3.            Cut to length on up-cut saw (number stiles and rails per cut list) (Note: Work from longest length to shortest length and label rails and stiles according to standard procedure). (0.75 minutes per two stiles and two rails)

 

4.            Run rails through cope (0.50 minutes per two rails)

 

5.            Then run all stiles through the shaper (0.50 per two stiles)

 

Door Assembly

 

(Use two people to assemble doors.)

 

1.            One person glues parts and fits them together for assembly (2.00 minutes)

 

2.            Second person positions door in clamping fixture, adjusts door to proper size and secures with 5/8 nails. (Time is combined with number 1 above.)

 

3.            Belt-sand doors (usually two passes per side) (Two people.

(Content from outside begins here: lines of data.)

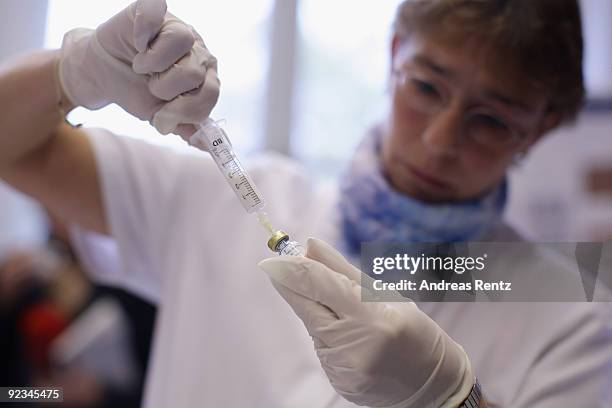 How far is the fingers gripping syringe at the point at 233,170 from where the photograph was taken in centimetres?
65

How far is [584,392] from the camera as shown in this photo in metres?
0.72

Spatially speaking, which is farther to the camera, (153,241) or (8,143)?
(153,241)

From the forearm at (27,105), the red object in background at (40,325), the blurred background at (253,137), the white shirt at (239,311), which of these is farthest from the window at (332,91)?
the red object in background at (40,325)

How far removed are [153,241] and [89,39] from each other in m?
0.42

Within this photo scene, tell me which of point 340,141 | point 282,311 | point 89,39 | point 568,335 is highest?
point 89,39

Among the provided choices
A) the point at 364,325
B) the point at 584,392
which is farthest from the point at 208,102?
the point at 584,392

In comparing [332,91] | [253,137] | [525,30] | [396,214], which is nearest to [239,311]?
[396,214]

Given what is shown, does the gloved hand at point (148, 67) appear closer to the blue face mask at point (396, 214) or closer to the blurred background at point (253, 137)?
the blurred background at point (253, 137)

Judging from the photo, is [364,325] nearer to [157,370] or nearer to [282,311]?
[282,311]

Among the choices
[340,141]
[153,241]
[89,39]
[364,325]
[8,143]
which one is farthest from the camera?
[340,141]

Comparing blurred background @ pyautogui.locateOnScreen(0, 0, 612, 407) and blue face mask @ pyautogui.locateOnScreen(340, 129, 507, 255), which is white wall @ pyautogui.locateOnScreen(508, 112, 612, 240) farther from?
A: blue face mask @ pyautogui.locateOnScreen(340, 129, 507, 255)

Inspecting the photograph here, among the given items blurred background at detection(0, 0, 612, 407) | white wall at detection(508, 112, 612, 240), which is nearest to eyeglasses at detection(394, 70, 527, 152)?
blurred background at detection(0, 0, 612, 407)

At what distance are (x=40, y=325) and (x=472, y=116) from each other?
0.71 m

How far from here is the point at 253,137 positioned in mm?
1927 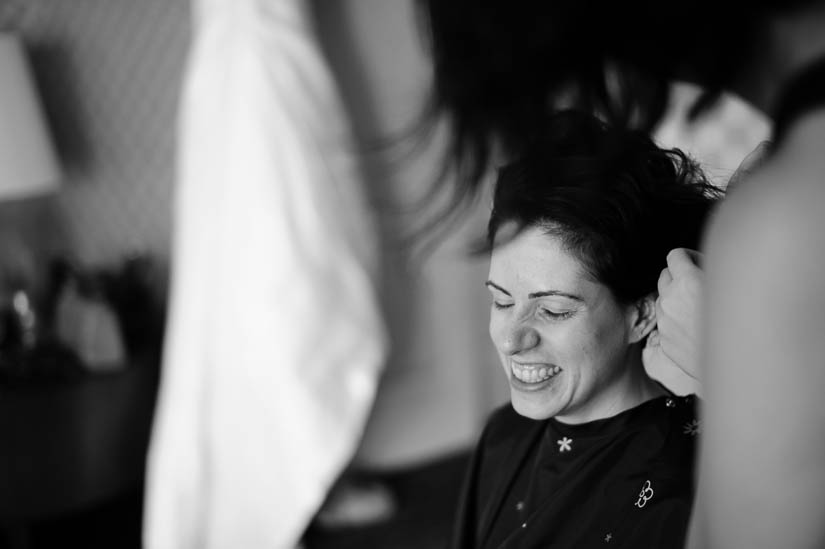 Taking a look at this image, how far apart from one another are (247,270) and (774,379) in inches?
64.2

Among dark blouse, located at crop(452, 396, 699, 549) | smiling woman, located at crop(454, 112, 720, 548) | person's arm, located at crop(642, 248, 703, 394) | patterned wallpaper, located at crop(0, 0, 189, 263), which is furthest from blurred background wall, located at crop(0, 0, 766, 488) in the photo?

Loader runs doors overlapping or butted together depending on size of door; unloader stacks doors on mobile table; unloader flips doors after second pass; the two people change positions after each pass, taking mobile tables and parts with them. Run doors until smooth – usually two passes each side). (1.00 minutes)

 

4.            Profile edges (1.50)

 

5.            Putty the joints front and back (Use putty knife.) (2.00)

 

6.            Hand sand for putty joints and cross-grain from belt sander. Also sand end grain as necessary. Use orbital sander with 180 grit paper. (Time is combined with number 5 above.)

 

7.            Bore and hinge (as per customer requirement) (0.75)

 

Estimated total time for panel processes: 9.00 minutes

 

Estimated total time for rail and stile processes: 3.00 minutes

 

Estimated total time for door assembly processes: 7.25 minutes

 

Like all of the other tools and techniques of lean manufacturing, Standardized Work is not rocket science, but it is essential if you want to maximize existing resources.